## RECORDS FOR THE TASK
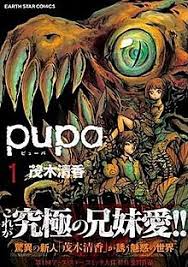 Altadefinizione, download in full hd. Pupa Manga Wikipedia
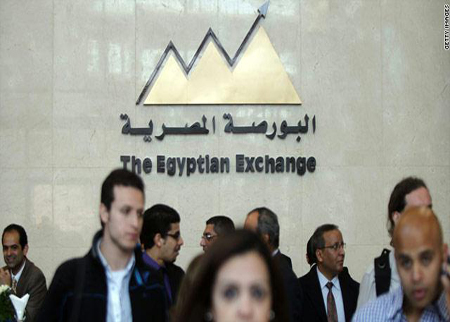 مصر: "معركة" البرلمان تهوي بأداء البورصة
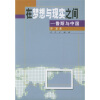 

在梦想与现实之间：鲁斯与中国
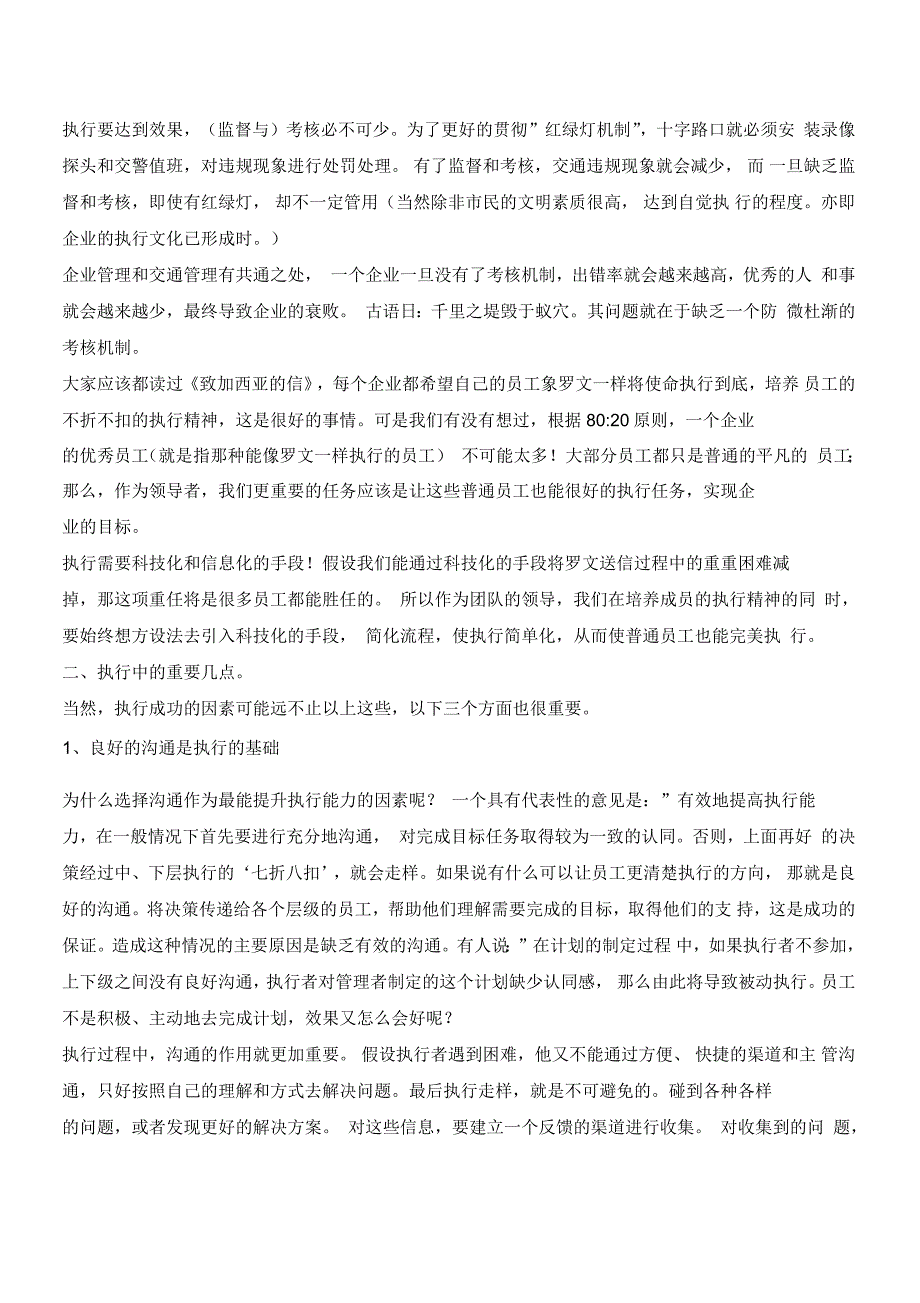 中小企业管理中执行力不佳的几点建议(职场经验)_第2页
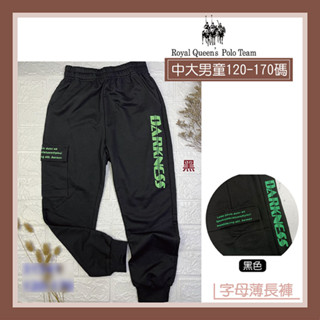 中大男童 縮口運動長褲 雙口袋 燙印字母運動褲 黑色 [31541] RQ POLO 秋冬童裝 120-170碼 現貨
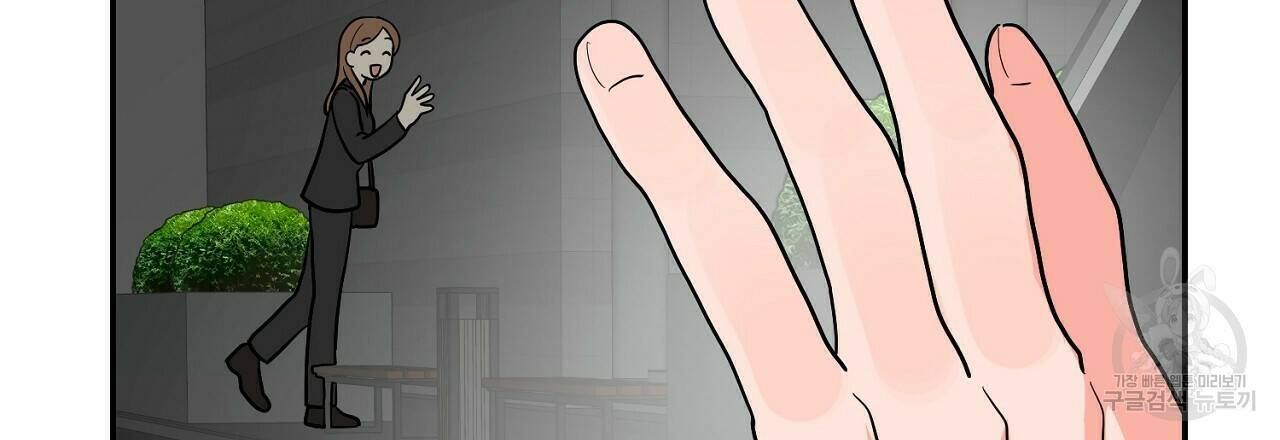 음란한 바게트 빵 외전 5화 57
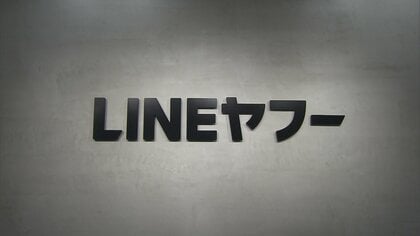 LINEヤフーに総務省が行政指導　利用者情報803万件漏えい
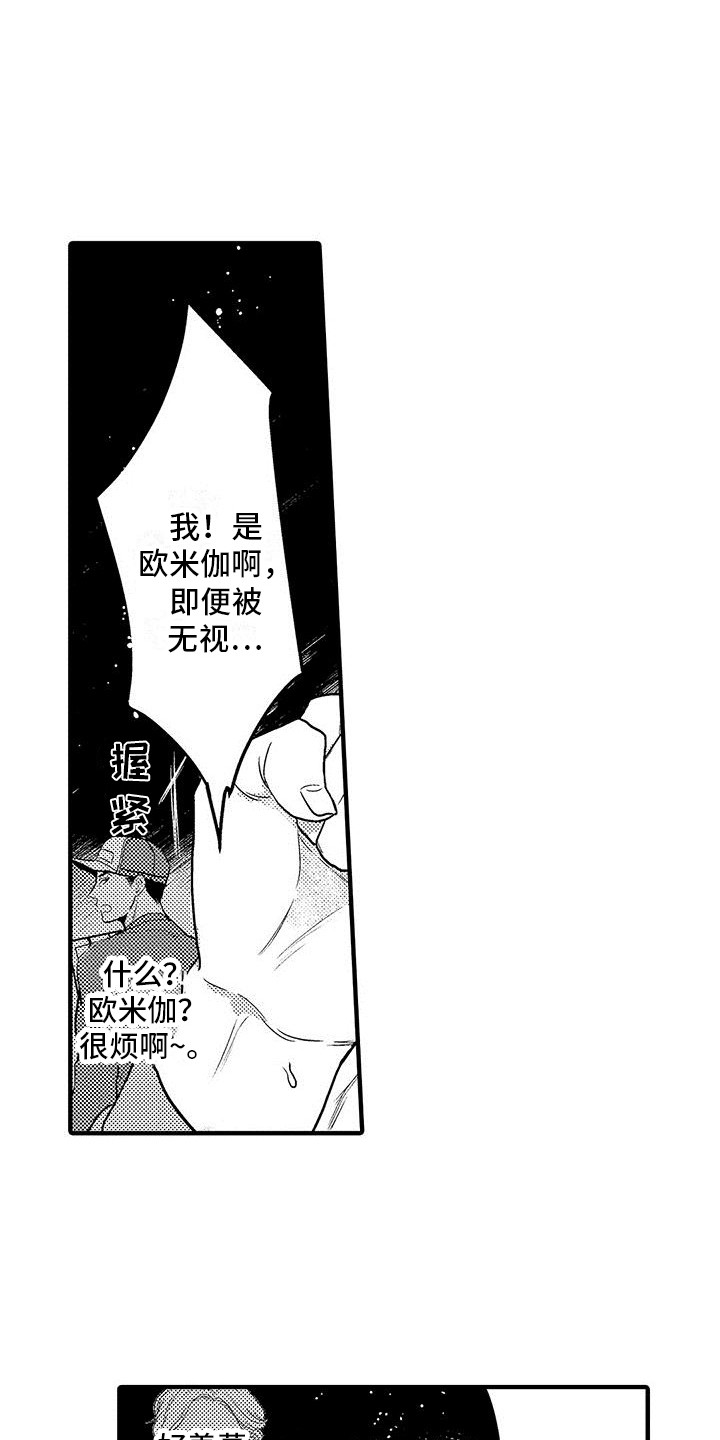 第25章：闹别扭7
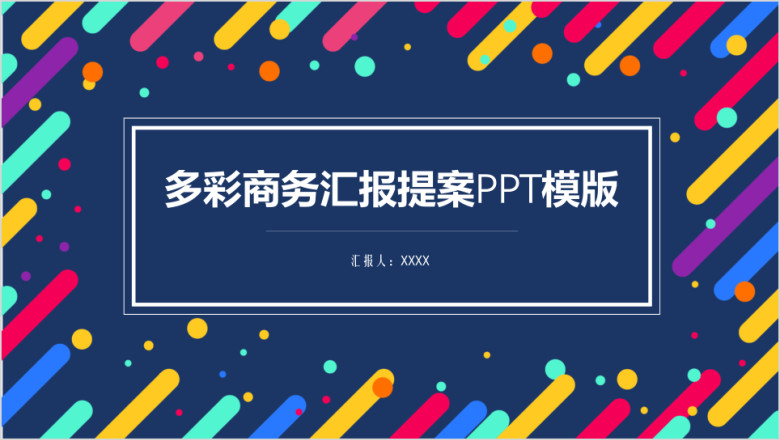 多彩商务汇报提案ppt模板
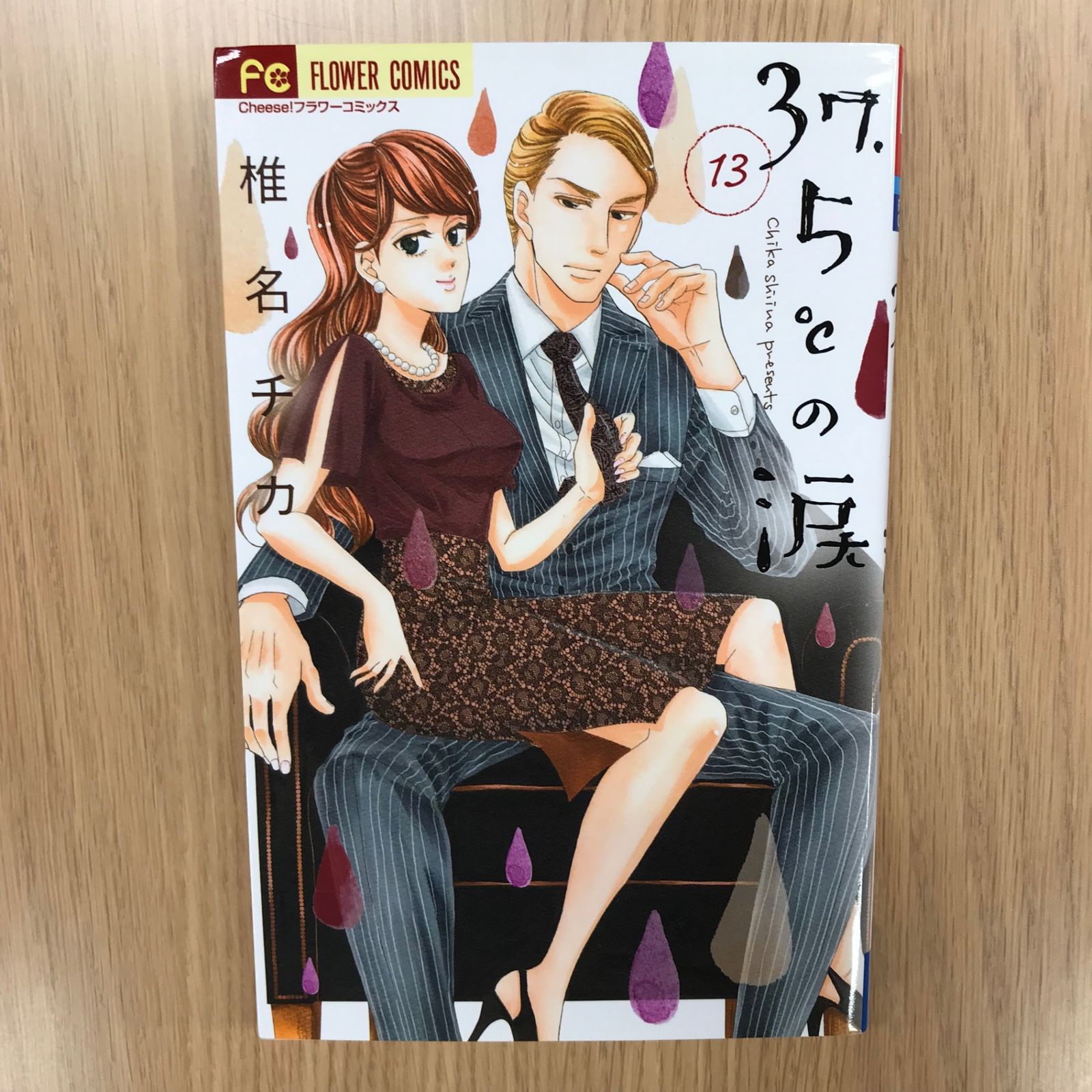 37.5°Cの涙 13巻/【作者】椎名チカ/GF-0226036378-YP/GF10451 - メルカリ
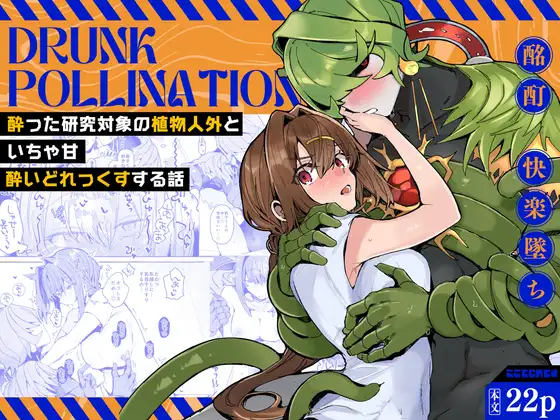 Drunk pollination -酔った研究対象の植物人外といちゃ甘酔いどれっくすする話-のメイン画像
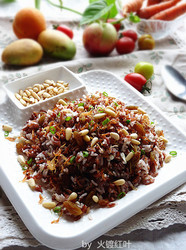 瑶柱松子炒红米饭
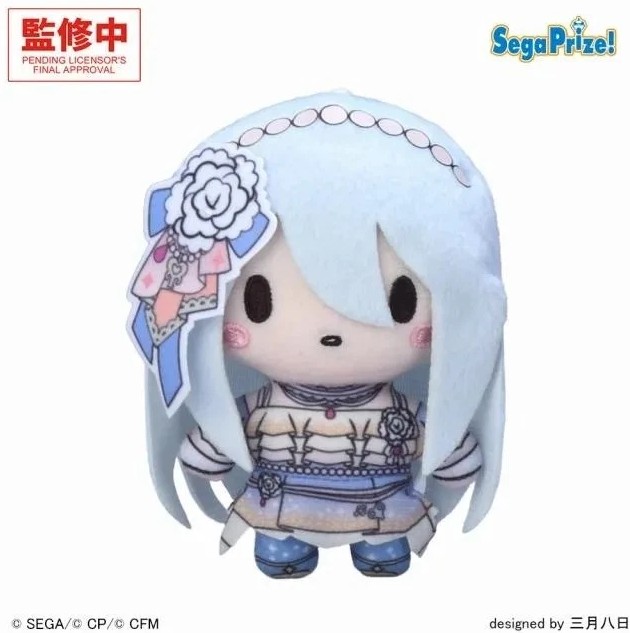 Kanade Yoisaki Fuwapuchi Plush Doll Mascot, Project Sekai Colorful Stage, Nightcord at 25:00, Sega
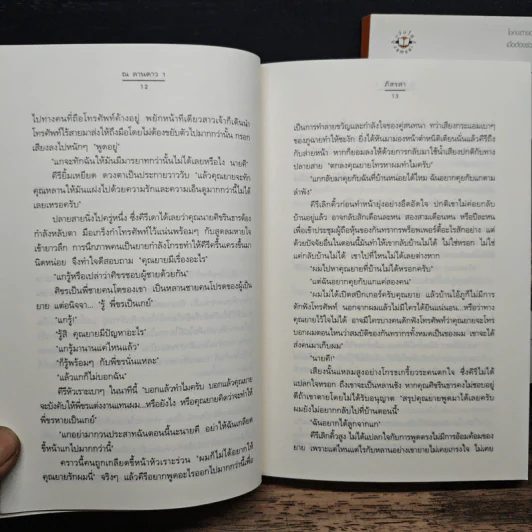 ณ ลานดาว 2 เล่มจบ - ภัสรสา รูปที่ 10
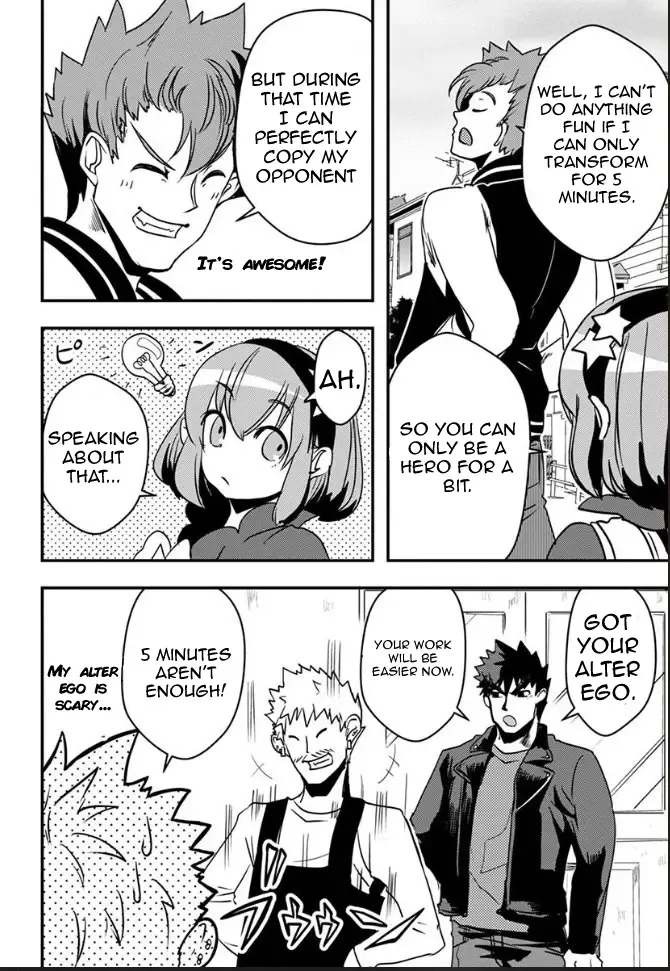 Ore To Hero To Mahou Shoujo - Page 22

## WHAT IS NEEDED
The records above, minus their pictures, are to be returned verbatim.

## SOLUTION TO THIS TASK
 Altadefinizione, download in full hd. Pupa Manga Wikipedia
 مصر: "معركة" البرلمان تهوي بأداء البورصة

在梦想与现实之间：鲁斯与中国
 中小企业管理中执行力不佳的几点建议(职场经验)_第2页
 中大男童 縮口運動長褲 雙口袋 燙印字母運動褲 黑色 [31541] RQ POLO 秋冬童裝 120-170碼 現貨
 음란한 바게트 빵 외전 5화 57
 LINEヤフーに総務省が行政指導　利用者情報803万件漏えい
 第25章：闹别扭7
 多彩商务汇报提案ppt模板
 37.5°Cの涙 13巻/【作者】椎名チカ/GF-0226036378-YP/GF10451 - メルカリ
 Drunk pollination -酔った研究対象の植物人外といちゃ甘酔いどれっくすする話-のメイン画像
 瑶柱松子炒红米饭
 Kanade Yoisaki Fuwapuchi Plush Doll Mascot, Project Sekai Colorful Stage, Nightcord at 25:00, Sega
 ณ ลานดาว 2 เล่มจบ - ภัสรสา รูปที่ 10
 Ore To Hero To Mahou Shoujo - Page 22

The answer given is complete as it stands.